Boil half a pound of rice till it become quite soft and dry. Then mix with it two table-spoonfuls of rich (but not strong) grated cheese, a small tea-spoonful of powdered mace, and sufficient fresh butter to moisten it. Mince very fine six table-spoonfuls of the white part of cold chicken or turkey, the soft parts of six large oysters, and a sprig or two of tarragon or parsley; add a grated nutmeg, and the yellow rind of a lemon. Mix the whole well, moistening it with cream or white wine. Take of the prepared rice a portion about the size of an egg, flatten it, and put into the centre a dessert-spoonful of the mixture; close the rice round it as you would the paste round a dumpling-apple. Then form it into the shape of an egg. Brush it over with some beaten yolk of egg, and then dredge it with pounded crackers. In this way make up the whole into oval balls. Have ready, in a sauce-pan over the fire, a pound of boiling lard. Into this throw the croquettes, two at a time, so as to brown them. Let them brown for a few minutes; then take them out with a perforated skimmer. Drain them from the lard, and serve them up hot, garnished with curled parsley.

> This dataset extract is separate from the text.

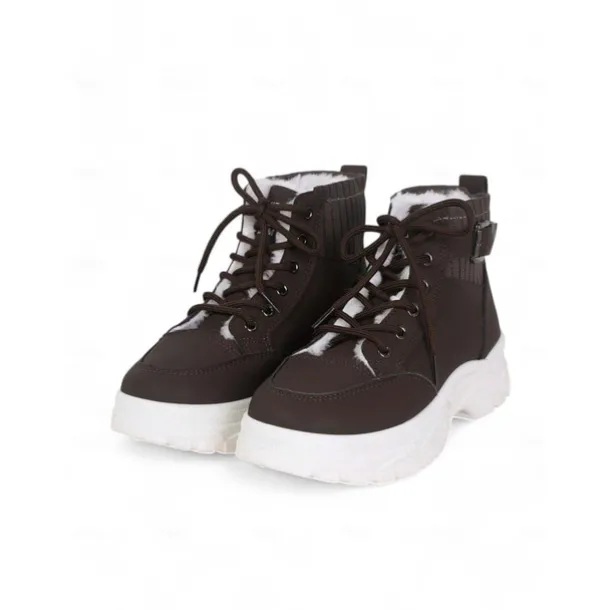 Women's Winter High-Top Sneakers with Fur Lining – Warm Lace-Up Ankle Boots with Chunky Sole and Buckle Detail for Casual Outdoor Wear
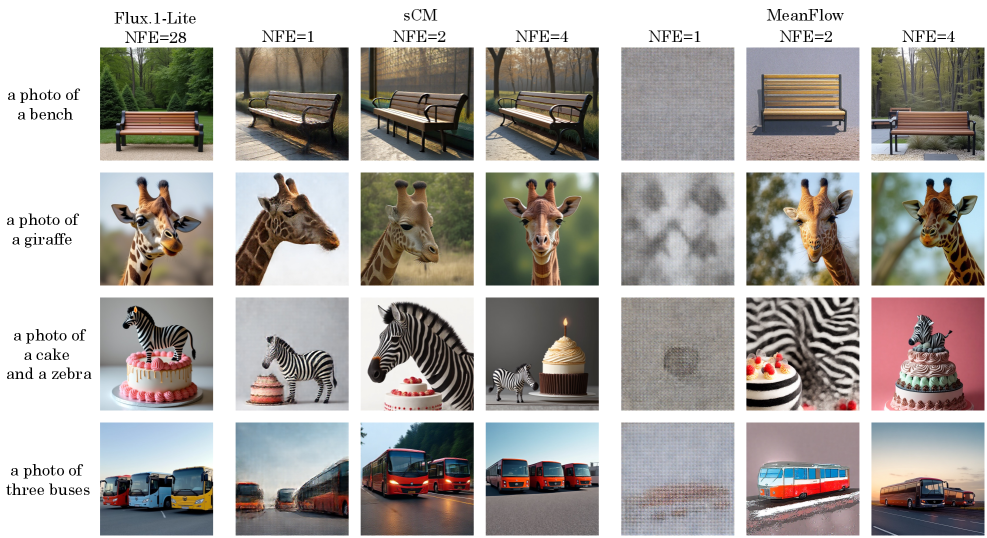 Метод sCM демонстрирует способность генерировать структурно связные изображения уже на первом шаге, в то время как MeanFlow сталкивается с коллапсом генерации на начальном этапе ($NFE=1$), требуя четырёх шагов ($NFE=4$) для достижения результатов высокого качества.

Take twelve hard-boiled eggs. Peel off the shells, and cut the eggs into equal halves; cutting off also a little piece from each of the ends to enable them to stand alone, in the form of cups. Chop the yolks, and with them mix cold ham or smoked tongue, minced as finely as possible. Moisten the mixture with cream, (or a little fresh butter,) and season it with powdered mace or nutmeg. Fill with it the cups or empty whites of the eggs, (being careful not to break them;) pressing the mixture down, and smoothing it nicely. Arrange them on a dish; putting two halves close together, and standing them upright, so as to look like whole eggs.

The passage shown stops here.